**The data:**
• • • • • • •

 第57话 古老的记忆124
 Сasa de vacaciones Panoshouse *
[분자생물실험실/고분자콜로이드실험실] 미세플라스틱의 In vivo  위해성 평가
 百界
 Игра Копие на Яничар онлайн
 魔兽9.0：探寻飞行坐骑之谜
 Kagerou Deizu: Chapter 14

• • • • • • •

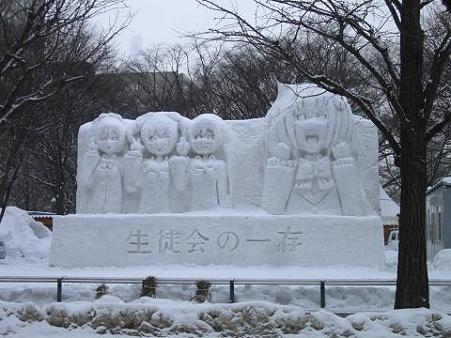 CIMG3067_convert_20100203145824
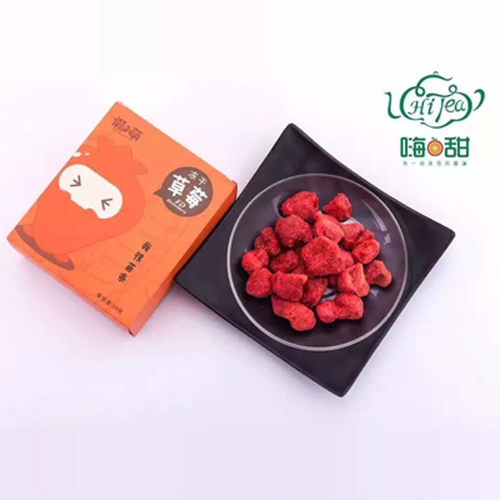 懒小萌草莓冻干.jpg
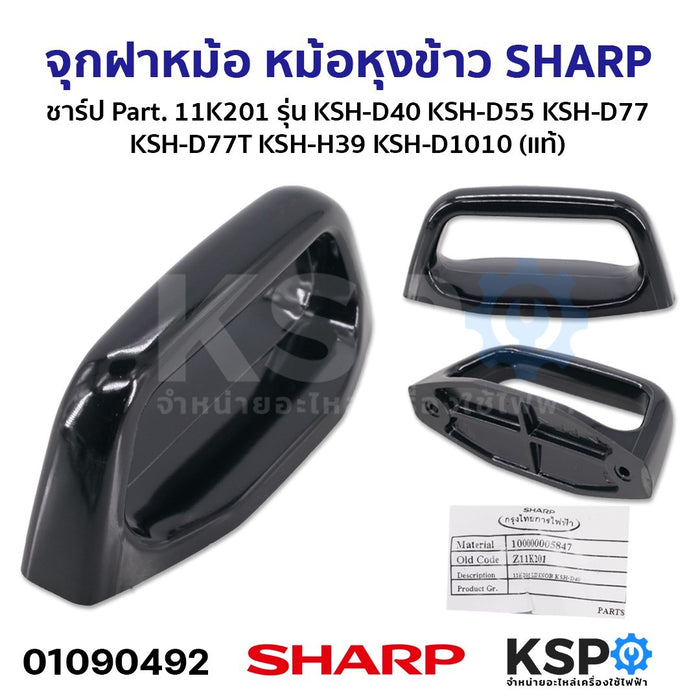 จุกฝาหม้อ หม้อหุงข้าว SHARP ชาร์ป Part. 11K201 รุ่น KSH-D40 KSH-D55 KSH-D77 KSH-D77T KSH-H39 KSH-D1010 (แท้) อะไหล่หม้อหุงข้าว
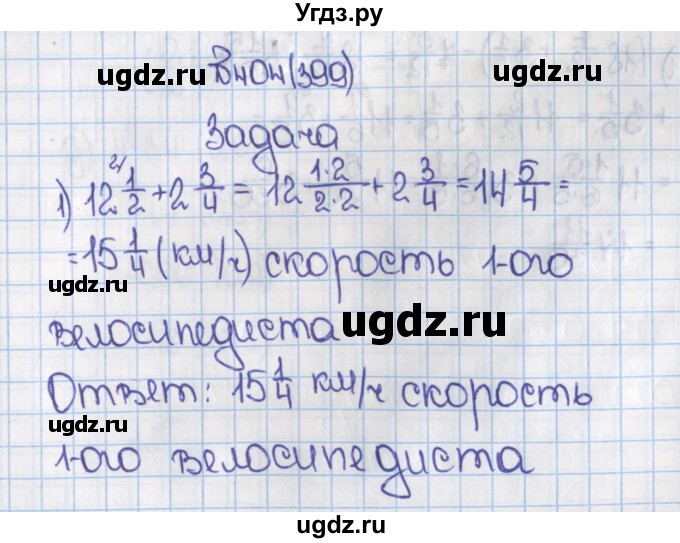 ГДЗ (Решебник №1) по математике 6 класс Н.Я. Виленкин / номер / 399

• • • • • • •

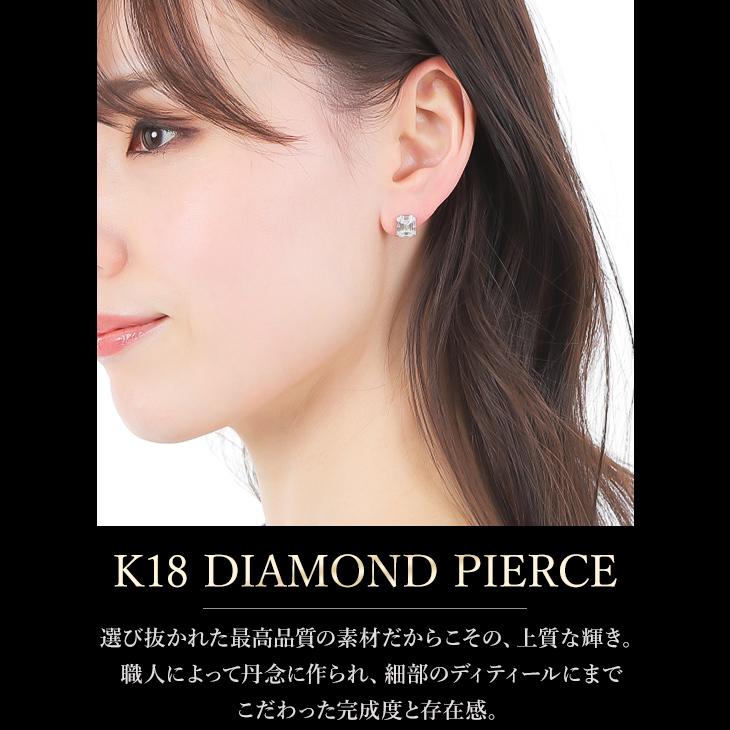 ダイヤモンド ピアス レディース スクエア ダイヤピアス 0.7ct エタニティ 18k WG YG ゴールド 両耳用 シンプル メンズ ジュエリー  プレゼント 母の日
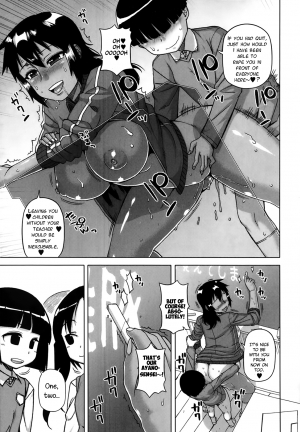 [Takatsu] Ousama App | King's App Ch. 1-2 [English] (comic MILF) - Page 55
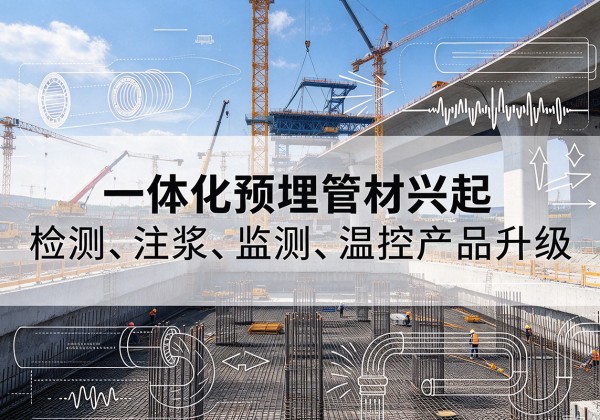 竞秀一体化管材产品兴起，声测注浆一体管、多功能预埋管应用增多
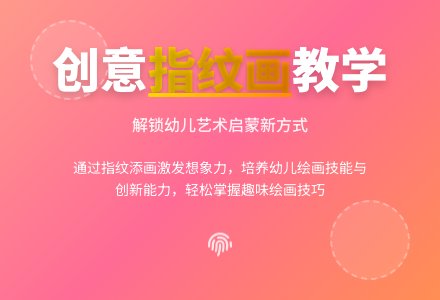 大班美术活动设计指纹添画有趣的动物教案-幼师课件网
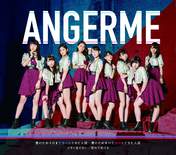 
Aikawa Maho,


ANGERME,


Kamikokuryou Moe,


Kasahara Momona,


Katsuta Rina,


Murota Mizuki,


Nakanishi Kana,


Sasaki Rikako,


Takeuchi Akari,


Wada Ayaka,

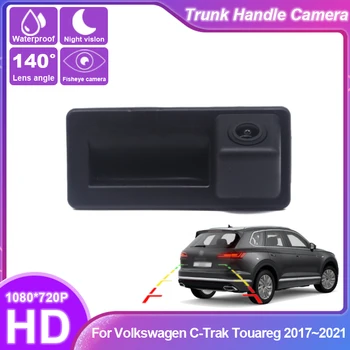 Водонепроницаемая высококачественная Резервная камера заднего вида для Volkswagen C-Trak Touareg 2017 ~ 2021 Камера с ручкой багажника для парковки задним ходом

• • • • • • •

**Assignment:** In the listing above, find the line containing "จุกฝาหม้อ หม้อหุงข้าว SHARP" and the line containing "ГДЗ (Решебник №1)", then return both of them and every line between, exactly, without pictures.

**Result:**
 จุกฝาหม้อ หม้อหุงข้าว SHARP ชาร์ป Part. 11K201 รุ่น KSH-D40 KSH-D55 KSH-D77 KSH-D77T KSH-H39 KSH-D1010 (แท้) อะไหล่หม้อหุงข้าว
 ГДЗ (Решебник №1) по математике 6 класс Н.Я. Виленкин / номер / 399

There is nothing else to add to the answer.